Vale reviews copper, nickel guidance amid labor, climate issues

Teluk Rubiah distribution terminal (Credit: Vale)

Brazilian miner Vale SA said on Monday evening that it was reviewing its guidance for 2021 nickel and copper output as strikes and “extraordinary climate conditions” in Canada have materially affected production.

In its second quarter output report, Vale said it produced 41,500 tonnes of nickel in the period and 73,500 tonnes of copper, representing quarterly declines of 14.3% and 4%, respectively.

A union walk off at Vale’s mine in Sudbury, Canada, that started on June 1, is hitting production for both metals, the company said. Additionally, non-scheduled maintenance at a metals refinery in Wales was constraining nickel output, and a flood at its Voisey’s Bay assets in Labrador, Canada, hit copper output.

“(Copper) production was hit mainly by the Sudbury strike and delays at Voisey’s Bay resulting from the flooding of the mine, related principally to extraordinary climate conditions,” the company said, adding that the flooding had since subsided.

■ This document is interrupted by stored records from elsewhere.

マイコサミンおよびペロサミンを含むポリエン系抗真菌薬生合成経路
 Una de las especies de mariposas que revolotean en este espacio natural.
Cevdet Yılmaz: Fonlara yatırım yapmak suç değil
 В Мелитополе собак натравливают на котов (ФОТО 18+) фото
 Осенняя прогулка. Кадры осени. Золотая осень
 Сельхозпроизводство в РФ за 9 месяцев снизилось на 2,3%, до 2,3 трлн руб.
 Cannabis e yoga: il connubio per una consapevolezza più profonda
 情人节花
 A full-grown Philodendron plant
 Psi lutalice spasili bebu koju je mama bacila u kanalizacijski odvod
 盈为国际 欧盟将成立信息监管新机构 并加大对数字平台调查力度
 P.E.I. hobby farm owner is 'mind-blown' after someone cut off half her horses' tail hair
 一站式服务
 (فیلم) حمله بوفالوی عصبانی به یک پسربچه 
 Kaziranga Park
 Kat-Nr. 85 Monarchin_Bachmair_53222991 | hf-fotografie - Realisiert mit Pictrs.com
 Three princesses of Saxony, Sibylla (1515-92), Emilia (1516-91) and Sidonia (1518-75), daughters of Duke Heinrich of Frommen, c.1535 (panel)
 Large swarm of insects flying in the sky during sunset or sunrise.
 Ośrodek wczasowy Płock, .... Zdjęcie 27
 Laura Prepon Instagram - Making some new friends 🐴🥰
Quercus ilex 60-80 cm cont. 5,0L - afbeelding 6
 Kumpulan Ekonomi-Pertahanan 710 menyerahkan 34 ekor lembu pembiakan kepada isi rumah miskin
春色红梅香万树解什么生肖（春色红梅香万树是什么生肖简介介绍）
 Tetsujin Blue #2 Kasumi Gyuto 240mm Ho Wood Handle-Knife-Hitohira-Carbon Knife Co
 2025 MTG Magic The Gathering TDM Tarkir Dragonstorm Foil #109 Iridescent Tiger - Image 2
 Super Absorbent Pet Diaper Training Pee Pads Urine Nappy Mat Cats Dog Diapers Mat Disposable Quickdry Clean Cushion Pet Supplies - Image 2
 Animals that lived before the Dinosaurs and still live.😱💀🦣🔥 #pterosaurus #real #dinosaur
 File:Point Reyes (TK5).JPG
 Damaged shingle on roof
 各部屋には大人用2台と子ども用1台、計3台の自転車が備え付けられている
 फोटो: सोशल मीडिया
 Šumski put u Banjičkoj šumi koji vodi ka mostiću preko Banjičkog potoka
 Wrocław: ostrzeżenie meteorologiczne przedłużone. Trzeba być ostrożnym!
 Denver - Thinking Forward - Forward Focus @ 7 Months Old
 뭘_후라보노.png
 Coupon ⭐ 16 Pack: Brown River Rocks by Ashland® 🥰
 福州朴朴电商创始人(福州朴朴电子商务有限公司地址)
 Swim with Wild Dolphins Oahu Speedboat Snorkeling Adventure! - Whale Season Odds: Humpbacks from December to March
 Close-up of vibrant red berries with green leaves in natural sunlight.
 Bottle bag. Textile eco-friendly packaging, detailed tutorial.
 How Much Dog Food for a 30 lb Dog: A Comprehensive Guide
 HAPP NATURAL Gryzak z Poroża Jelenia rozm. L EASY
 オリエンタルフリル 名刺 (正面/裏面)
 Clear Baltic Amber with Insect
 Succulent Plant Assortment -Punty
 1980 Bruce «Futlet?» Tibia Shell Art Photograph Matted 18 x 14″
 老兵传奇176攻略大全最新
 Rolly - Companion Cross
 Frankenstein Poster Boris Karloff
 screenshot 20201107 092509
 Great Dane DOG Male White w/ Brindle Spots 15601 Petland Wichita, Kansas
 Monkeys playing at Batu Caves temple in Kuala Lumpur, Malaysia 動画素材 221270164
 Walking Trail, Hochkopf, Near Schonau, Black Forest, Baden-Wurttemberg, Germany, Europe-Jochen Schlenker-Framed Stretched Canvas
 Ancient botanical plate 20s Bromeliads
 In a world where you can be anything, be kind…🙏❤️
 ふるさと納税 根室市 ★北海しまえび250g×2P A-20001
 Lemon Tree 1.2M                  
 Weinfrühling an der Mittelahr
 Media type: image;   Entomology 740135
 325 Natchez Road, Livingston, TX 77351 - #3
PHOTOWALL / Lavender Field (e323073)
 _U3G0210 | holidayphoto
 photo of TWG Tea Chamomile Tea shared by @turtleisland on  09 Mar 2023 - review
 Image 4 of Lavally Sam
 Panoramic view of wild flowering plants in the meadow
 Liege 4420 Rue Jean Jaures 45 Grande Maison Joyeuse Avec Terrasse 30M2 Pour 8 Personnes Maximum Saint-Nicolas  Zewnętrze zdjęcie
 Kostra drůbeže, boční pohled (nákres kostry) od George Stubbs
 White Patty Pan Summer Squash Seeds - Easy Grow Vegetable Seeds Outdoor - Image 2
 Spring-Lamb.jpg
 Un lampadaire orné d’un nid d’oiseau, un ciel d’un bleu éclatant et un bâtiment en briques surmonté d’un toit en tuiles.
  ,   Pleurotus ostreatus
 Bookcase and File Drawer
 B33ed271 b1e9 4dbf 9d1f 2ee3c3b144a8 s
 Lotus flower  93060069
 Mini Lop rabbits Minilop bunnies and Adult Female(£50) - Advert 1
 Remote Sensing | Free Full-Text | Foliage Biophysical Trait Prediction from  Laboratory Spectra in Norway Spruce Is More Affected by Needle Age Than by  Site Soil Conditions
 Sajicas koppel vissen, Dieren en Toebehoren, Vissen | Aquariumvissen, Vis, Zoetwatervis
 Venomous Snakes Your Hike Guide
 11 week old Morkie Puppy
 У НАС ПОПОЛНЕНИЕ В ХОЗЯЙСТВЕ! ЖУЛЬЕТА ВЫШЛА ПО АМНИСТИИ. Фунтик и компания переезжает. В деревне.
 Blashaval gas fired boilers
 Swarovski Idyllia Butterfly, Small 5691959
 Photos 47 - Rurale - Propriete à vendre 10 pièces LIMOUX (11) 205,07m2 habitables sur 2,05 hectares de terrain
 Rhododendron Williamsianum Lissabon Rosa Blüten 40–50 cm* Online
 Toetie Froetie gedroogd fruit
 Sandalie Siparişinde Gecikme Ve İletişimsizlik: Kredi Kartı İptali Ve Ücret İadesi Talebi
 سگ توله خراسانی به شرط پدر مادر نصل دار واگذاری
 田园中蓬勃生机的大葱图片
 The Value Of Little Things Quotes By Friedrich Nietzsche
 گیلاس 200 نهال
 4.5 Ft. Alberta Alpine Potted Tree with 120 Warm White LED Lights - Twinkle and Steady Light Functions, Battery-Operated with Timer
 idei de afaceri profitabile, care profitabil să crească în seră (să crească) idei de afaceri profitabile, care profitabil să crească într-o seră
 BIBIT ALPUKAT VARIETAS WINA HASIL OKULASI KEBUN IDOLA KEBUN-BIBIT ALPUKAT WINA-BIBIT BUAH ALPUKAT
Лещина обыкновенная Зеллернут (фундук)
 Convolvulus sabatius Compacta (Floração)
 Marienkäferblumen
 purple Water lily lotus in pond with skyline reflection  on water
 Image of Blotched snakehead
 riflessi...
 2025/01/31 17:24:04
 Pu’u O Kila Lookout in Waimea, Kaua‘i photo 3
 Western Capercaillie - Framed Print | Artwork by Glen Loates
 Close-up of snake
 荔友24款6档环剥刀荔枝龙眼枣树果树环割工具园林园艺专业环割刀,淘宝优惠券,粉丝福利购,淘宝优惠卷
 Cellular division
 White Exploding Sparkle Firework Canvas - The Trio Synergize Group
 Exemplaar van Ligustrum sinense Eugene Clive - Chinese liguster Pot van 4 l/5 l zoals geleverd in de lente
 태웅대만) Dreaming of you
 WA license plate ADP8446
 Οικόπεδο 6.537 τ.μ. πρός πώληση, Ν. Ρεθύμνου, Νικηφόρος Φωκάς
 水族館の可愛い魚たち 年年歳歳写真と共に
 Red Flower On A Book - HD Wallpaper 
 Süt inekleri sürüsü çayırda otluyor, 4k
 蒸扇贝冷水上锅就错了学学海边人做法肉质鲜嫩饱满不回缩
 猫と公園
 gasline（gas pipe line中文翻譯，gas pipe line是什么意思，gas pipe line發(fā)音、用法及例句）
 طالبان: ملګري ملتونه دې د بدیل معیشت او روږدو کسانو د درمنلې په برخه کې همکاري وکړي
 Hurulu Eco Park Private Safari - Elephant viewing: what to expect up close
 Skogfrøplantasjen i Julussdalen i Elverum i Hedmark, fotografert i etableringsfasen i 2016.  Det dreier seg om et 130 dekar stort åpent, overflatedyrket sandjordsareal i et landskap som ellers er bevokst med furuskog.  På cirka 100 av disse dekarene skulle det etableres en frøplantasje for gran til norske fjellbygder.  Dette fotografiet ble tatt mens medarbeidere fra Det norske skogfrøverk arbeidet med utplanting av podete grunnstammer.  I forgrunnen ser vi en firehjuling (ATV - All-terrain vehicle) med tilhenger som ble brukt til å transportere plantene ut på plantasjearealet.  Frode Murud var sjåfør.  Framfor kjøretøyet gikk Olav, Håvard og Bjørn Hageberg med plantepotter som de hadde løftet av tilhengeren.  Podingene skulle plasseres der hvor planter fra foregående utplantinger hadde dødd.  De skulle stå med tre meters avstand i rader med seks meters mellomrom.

The company said that production of iron ore, the core of its business, had come in at 75.7 million tonnes in the second quarter, up 11.3% in quarterly terms and 12% in annual terms. Among several factors that buoyed iron ore output, the company said, was the completion of maintenance at the Ponta da Madeira port in northern Brazil. The miner maintained its 2021 iron ore production guidance of 315-335 million tonnes.